» WORK INSTRUCTIONS: What you return must match the entries exactly, except that the pictures are gone.

» SUPPLIED INFORMATION:
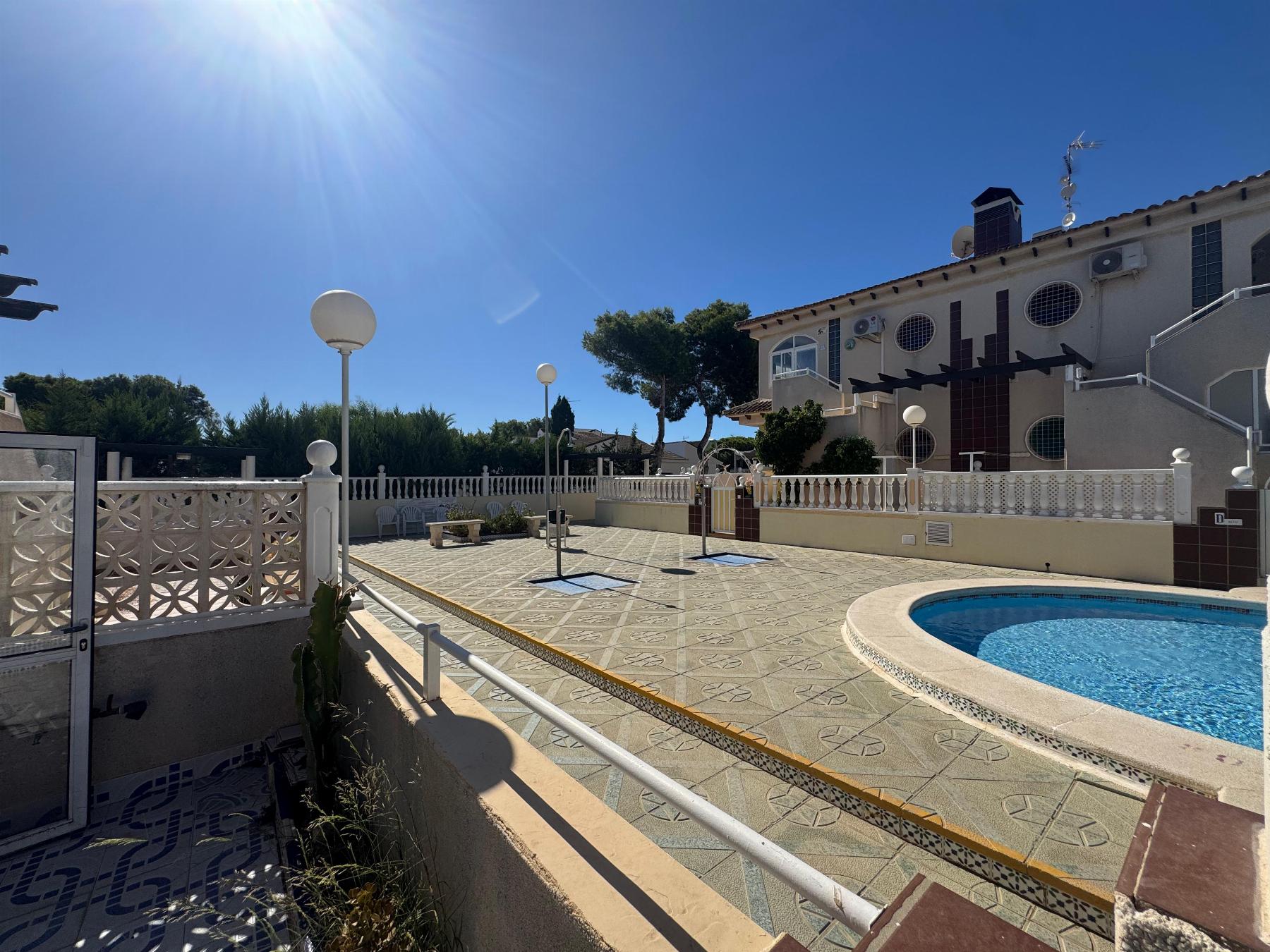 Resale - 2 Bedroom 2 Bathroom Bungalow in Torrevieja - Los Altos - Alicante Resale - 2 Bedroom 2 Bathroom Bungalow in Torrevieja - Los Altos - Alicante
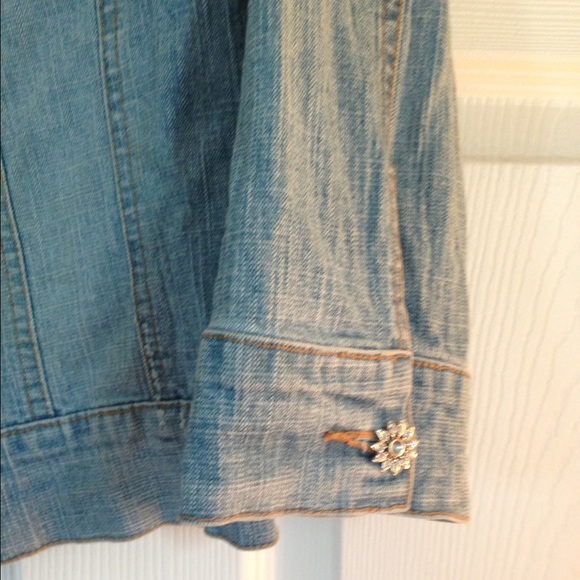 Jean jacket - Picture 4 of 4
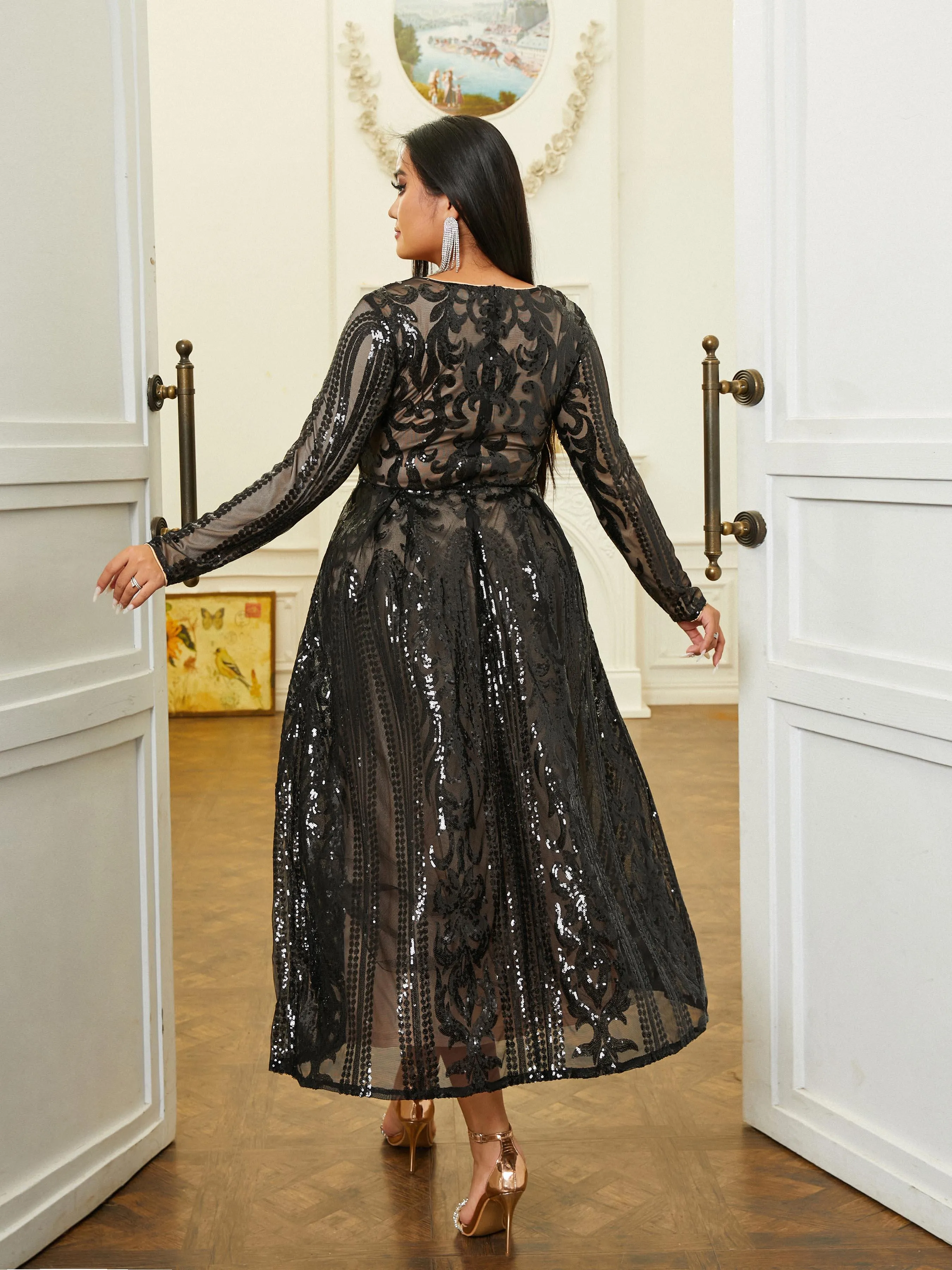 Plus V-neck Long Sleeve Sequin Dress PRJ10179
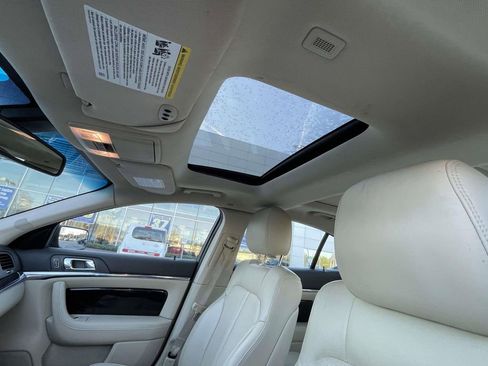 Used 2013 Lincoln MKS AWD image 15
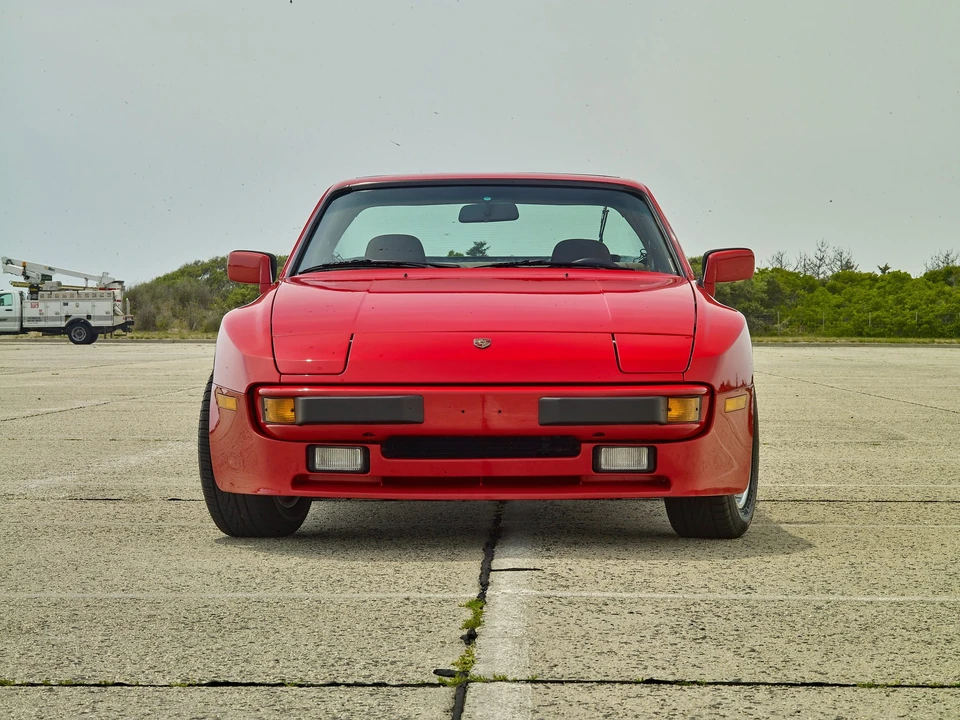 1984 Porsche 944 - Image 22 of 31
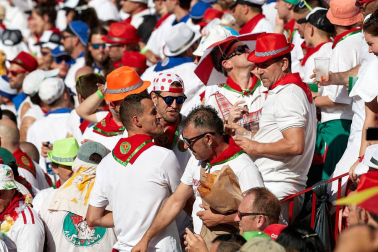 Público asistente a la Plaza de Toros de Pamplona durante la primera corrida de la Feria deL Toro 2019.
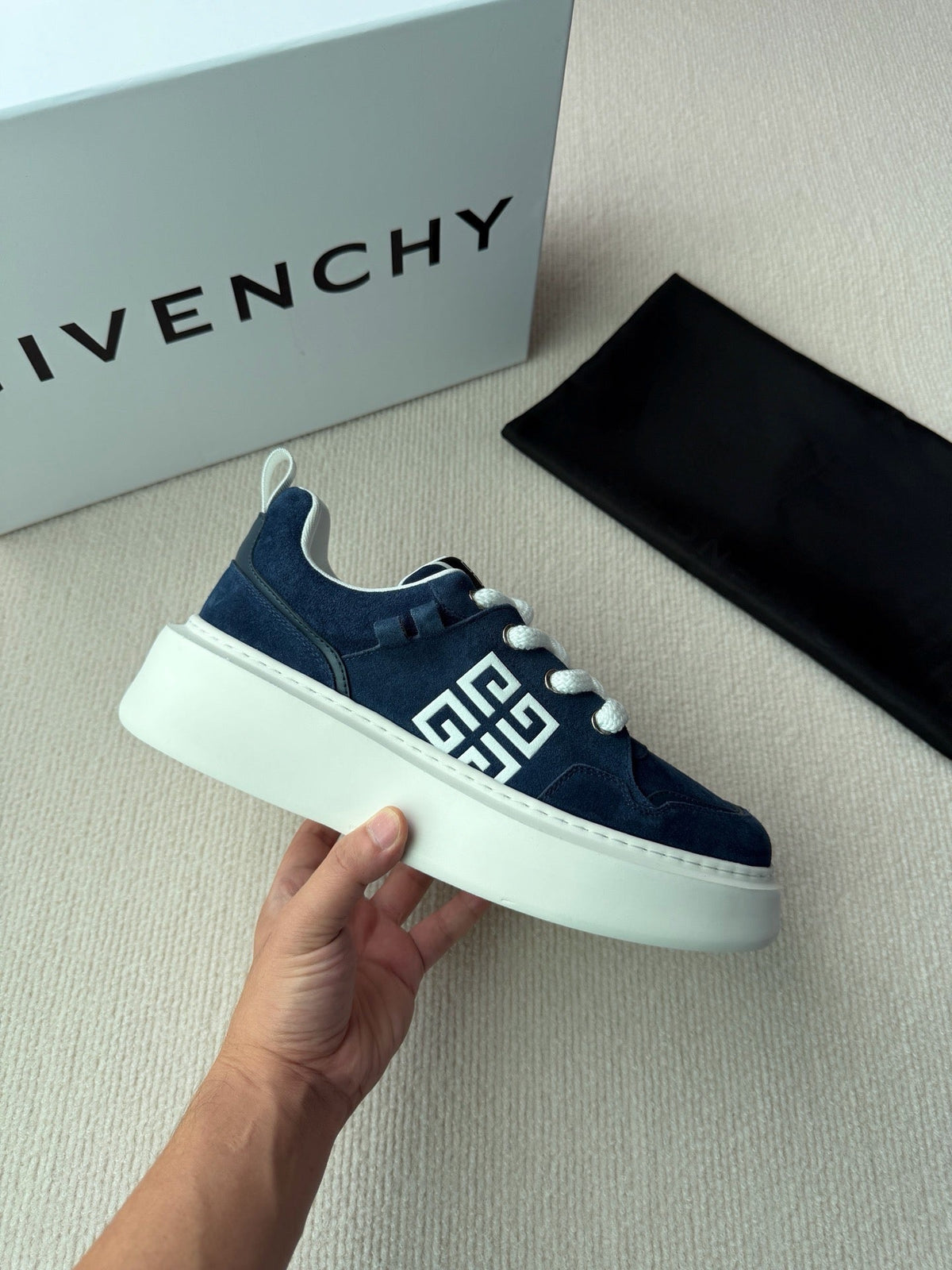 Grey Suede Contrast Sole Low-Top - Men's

» RESPONSE TO THE EXERCISE:
 Resale - 2 Bedroom 2 Bathroom Bungalow in Torrevieja - Los Altos - Alicante Resale - 2 Bedroom 2 Bathroom Bungalow in Torrevieja - Los Altos - Alicante
 Jean jacket - Picture 4 of 4
 Plus V-neck Long Sleeve Sequin Dress PRJ10179
 Used 2013 Lincoln MKS AWD image 15
 1984 Porsche 944 - Image 22 of 31
 Público asistente a la Plaza de Toros de Pamplona durante la primera corrida de la Feria deL Toro 2019.
 Grey Suede Contrast Sole Low-Top - Men's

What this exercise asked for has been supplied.